Reproduce every line below exactly as written; do not include the images.

**Recorded data:**
━━━━━━━━━━
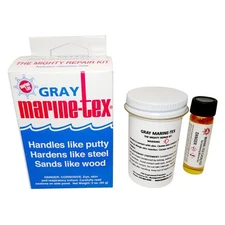 Marine-Tex Epoxy Putty Kit, Gray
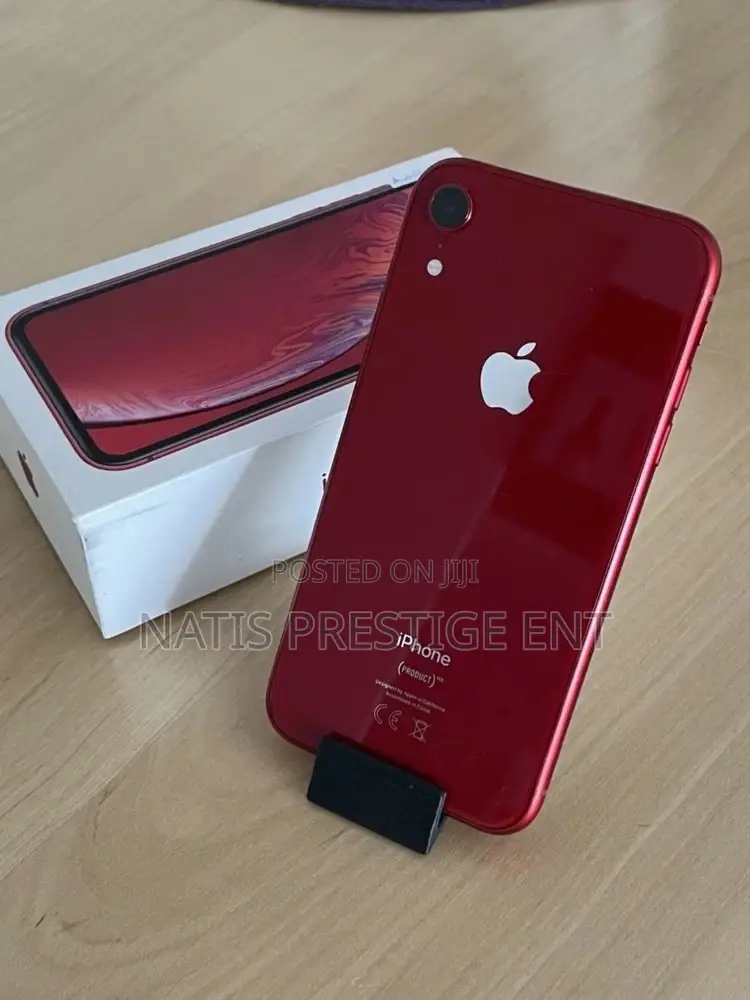 New Apple iPhone XR 256 GB Red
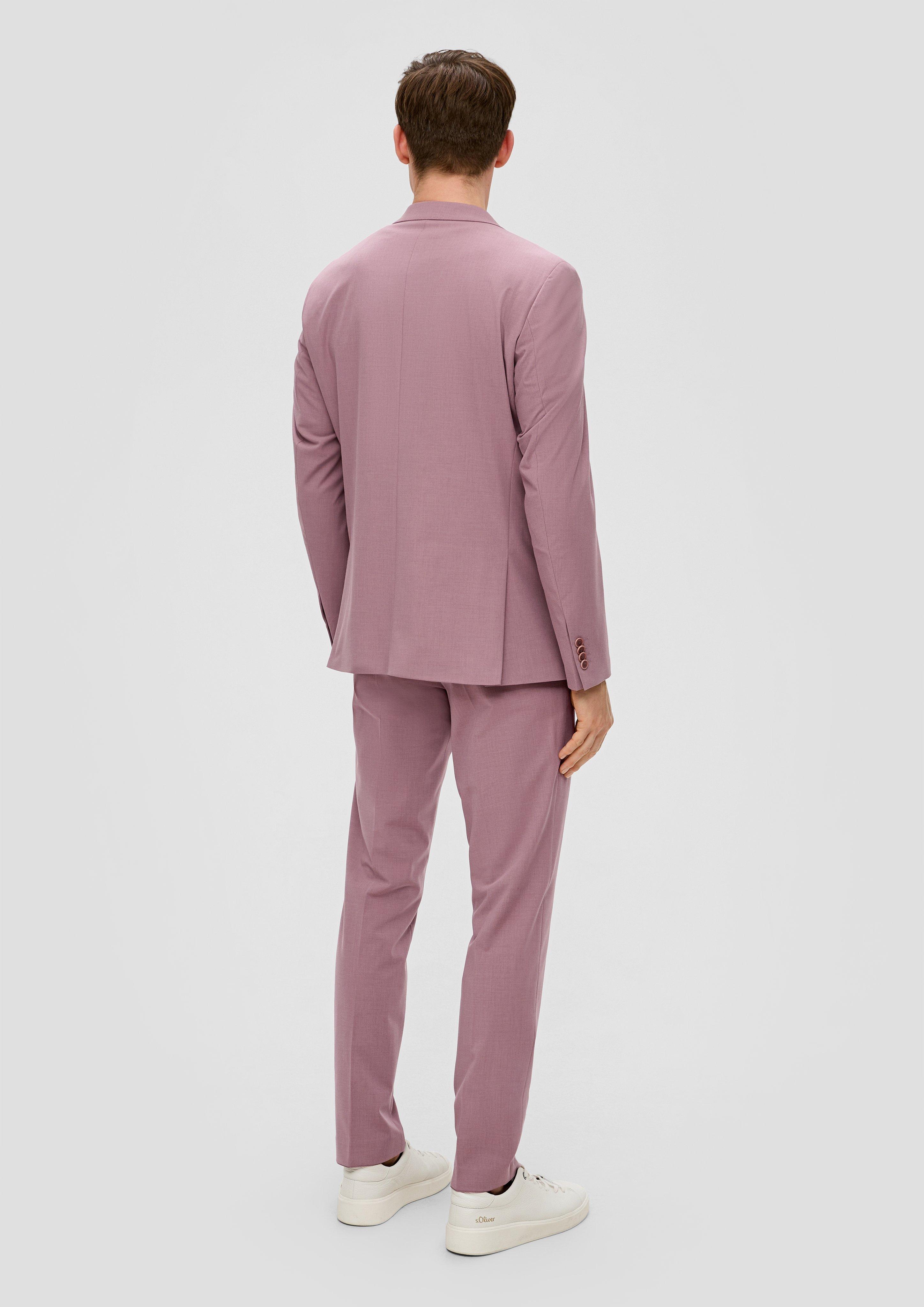 s.O PURE: Anzugsakko aus Stretch-Fabric  2142824-4757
━━━━━━━━━━
**Solution to this exercise:**
 Marine-Tex Epoxy Putty Kit, Gray
 New Apple iPhone XR 256 GB Red
 s.O PURE: Anzugsakko aus Stretch-Fabric  2142824-4757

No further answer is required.